Cuando llegamos al mundo, cuando nacemos, no llegamos sabiendo, no somos los creadores ni de los significados ni de los conceptos, sencillamente los heredamos de las generaciones precedentes, como heredamos una determinada organización social, un determinado sistema de Estado y una suma de fuerzas productivas.
Somos también hijos de una época y vivimos atrapados en los modos de pensar de cada época. Cosas que nos pueden parecer del todo irracionales desde la perspectiva de una época, pueden presentarse como totalmente racionales desde la perspectiva de otra época. Pensemos solamente que Aristóteles, uno de los grandes pensadores de todos los tiempos, le era imposible concebir un mundo sin esclavos.

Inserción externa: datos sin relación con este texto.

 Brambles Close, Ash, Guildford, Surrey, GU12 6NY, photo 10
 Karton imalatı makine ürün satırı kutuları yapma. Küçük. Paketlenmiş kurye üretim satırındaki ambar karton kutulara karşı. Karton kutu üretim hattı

Los conceptos, que son medios que nos permiten profundizar nuestro conocimiento del mundo, no deberían convertirse nunca en ataduras, en grilletes mentales que nos impidiera ver aspectos nuevos de las cosas o iniciarnos en nuevas aventuras cognitivas. No hay que estar cerrado a lo nuevo ni a ver lo viejo con ojos nuevos. Debemos ser libres pensadores, dejar atrás los prejuicios, y lanzarnos con alegría a la aventura del conocimiento.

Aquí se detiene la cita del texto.